Root canal treatment (also known as endodontic therapy, endodontic treatment, or root canal therapy) is a treatment sequence for the infected pulp of a tooth which is intended to result in the elimination of infection and the protection of the decontaminated tooth from future microbial invasion. Root canals, and their associated pulp chamber, are the physical hollows within a tooth that are naturally inhabited by nerve tissue, blood vessels and other cellular entities. Together, these items constitute the dental pulp.

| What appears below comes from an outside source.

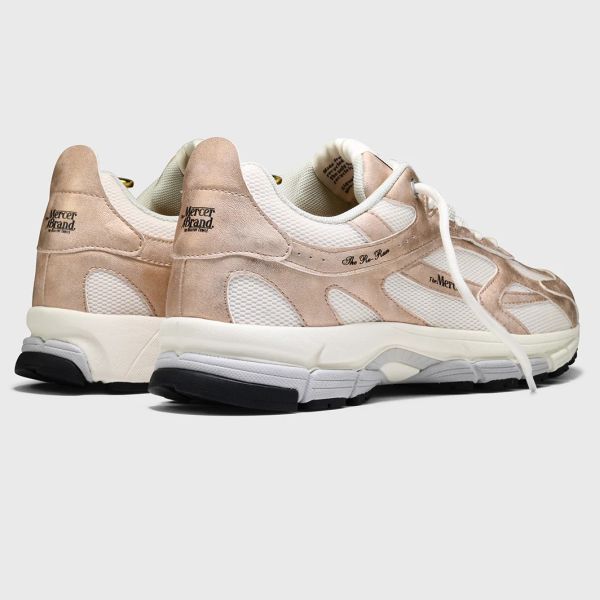 Mercer Amsterdam The Re-Run Metallic Sneaker Roze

Root canal therapy is necessary when oral bacteria invade the pulp inside of your tooth. This usually happens when a cavity is left untreated for a long time. It can also occur if your tooth becomes cracked or damaged due to trauma.
Endodontic therapy involves the removal of these structures, disinfection and the subsequent shaping, cleaning, and decontamination of the hollows with small files and irrigating solutions, and the obturation (filling) of the decontaminated canals. Filling of the cleaned and decontaminated canals is done with an inert filling such as gutta-percha and typically a zinc oxide eugenol-based cement. Epoxy resin is employed to bind gutta-percha in some root canal procedures. Another option is to use an antiseptic filling material containing paraformaldehyde like N2. Endodontics includes both primary and secondary endodontic treatments as well as periradicular surgery which is generally used for teeth that still have potential for salvage.